Na incompreensão dessa demência humana, em que muito se fala em direitos, mas pouco se vê em mudanças; em que mulheres geram a vida de criaturas que crescem, que se esquecem de onde vieram e, embasados em pensamentos sórdidos, apoiados pelo ego e pela impunidade, sugam o fôlego da companheira ou outras, escolhi o poema de Drummond (1980), para ilustrar: “Eu desconfiava: todas as histórias em quadrinho são iguais. Todos os filmes norte-americanos são iguais. Todos os filmes de todos os países são iguais. Todos os best-sellers são iguais. Todos os campeonatos nacionais e internacionais de futebol são iguais.

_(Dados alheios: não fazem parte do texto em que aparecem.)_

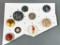 Assorted Decorative Vintage and Antique Buttons with Various Materials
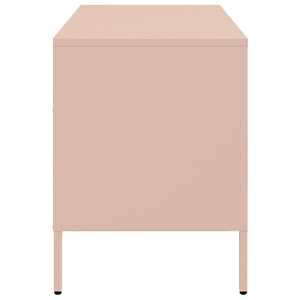 Mobili TV 2pz Rosa 68x39x50,5 cm in Acciaio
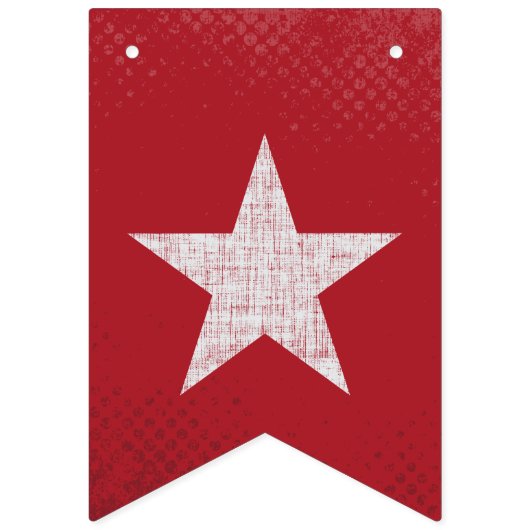 4. der Juli-Party-Flaggen-Fahne Wimpelkette (Zweite Fahne)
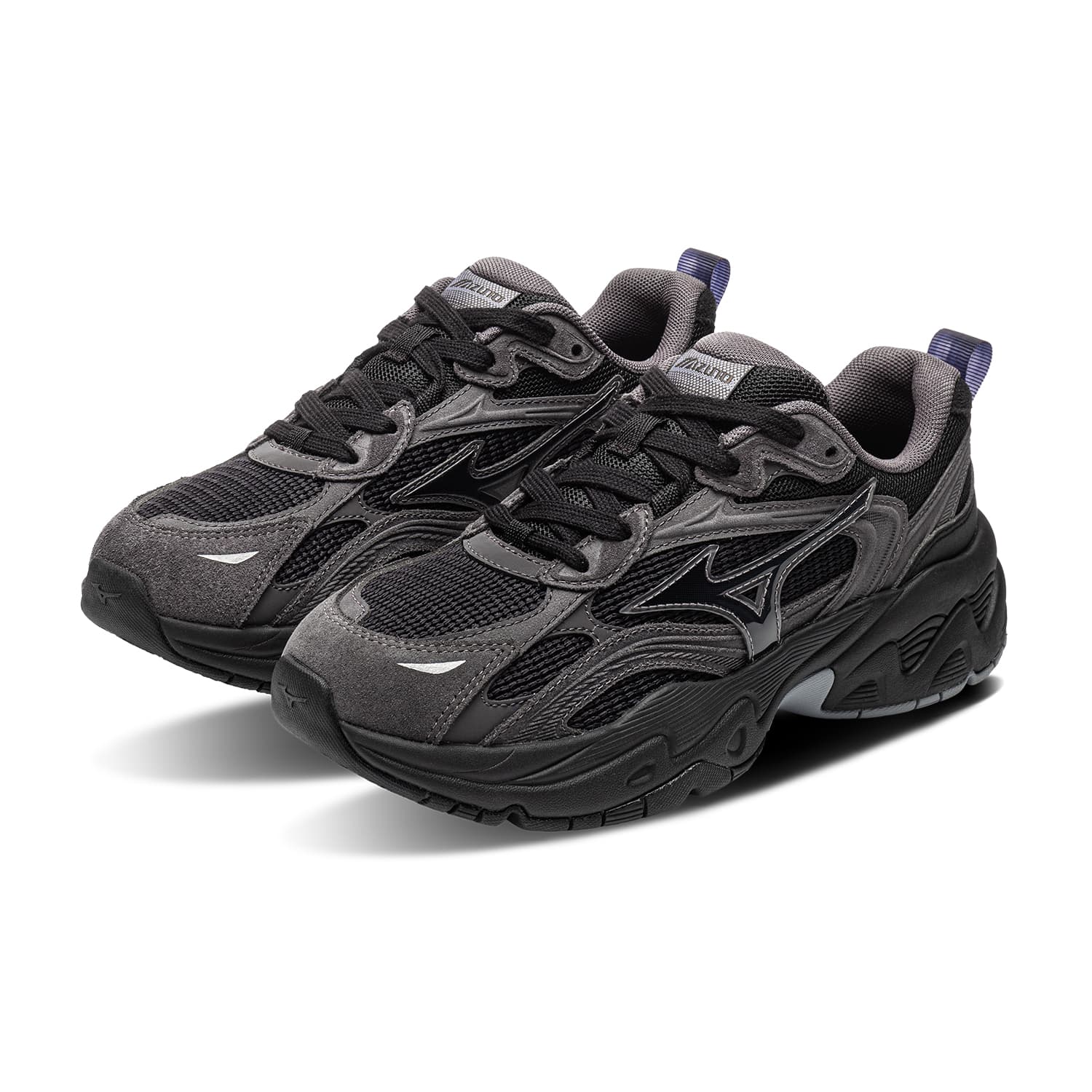 Кроссовки для бега Mizuno TRAINER 2K V2 Беговые кроссовки Низкий Топ Черный Туманный дождь Серый Слон Серый Унисекс - изображение 4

Todos os partidos políticos são iguais. Todas as mulheres que andam na moda são iguais. Todas as experiências de sexo são iguais. Todos os sonetos [...] são iguais [...]. Todas as guerras do mundo são iguais. Todas as fomes são iguais. Todos os amores, iguais iguais iguais. Iguais todos os rompimentos. A morte é igualíssima. Todas as criações da natureza são iguais. Todas as ações, cruéis, piedosas ou indiferentes, são iguais. Contudo, o homem não é igual a nenhum outro homem, bicho ou coisa. Não é igual a nada. Todo ser humano é um estranho ímpar.

Ainda digerindo tal poema, leio um trecho de uma entrevista realizada por Michael Pollak, em “A gestão do indizível”, sobre mulheres sobreviventes do campo de concentração Auschwitz-Birkenau. Nele, Ruth A. declara: “Não, eu não poderia odiar. Eu penso somente: pobre humanidade. E também: eu prefiro mil vezes estar entre os perseguidos que entre os perseguidores. Mas, apesar de tudo, eu não posso condenar ninguém, porque eu me coloco sempre esta questão: como eu teria me comportado no lugar dos outros? Eu não sei. Não se pode saber”.

Assim, o medo e a ignorância vão consumindo pessoas, silenciosamente, enterradas no esquecimento. Resta-nos dizer: “Ó abre alas, que eu quero passar!”.